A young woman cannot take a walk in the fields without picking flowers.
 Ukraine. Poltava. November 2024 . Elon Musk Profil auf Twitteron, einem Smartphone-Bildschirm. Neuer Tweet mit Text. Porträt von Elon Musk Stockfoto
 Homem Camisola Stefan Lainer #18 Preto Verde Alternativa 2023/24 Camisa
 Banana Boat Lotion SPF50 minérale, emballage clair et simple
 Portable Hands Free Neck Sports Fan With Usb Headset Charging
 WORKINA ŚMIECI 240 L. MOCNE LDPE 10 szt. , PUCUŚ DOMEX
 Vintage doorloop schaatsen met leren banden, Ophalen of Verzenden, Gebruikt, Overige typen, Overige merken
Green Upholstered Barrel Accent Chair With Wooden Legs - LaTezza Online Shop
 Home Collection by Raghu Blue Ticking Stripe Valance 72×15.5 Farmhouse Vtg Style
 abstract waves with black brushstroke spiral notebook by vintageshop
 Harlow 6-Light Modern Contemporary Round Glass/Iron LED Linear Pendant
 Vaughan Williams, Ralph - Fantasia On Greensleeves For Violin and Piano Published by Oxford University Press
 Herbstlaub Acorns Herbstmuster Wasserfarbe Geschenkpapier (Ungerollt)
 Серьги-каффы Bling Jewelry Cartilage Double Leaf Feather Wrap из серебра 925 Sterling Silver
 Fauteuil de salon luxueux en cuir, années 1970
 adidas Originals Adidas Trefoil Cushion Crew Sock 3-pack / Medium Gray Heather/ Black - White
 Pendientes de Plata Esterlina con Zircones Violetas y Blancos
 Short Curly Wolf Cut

※

#### [YOUR GOAL]
Begin at the line containing "Pendientes de Plata" and reproduce every line through the last one in the records above, exactly.

#### [EXPECTED ANSWER]
 Pendientes de Plata Esterlina con Zircones Violetas y Blancos
 Short Curly Wolf Cut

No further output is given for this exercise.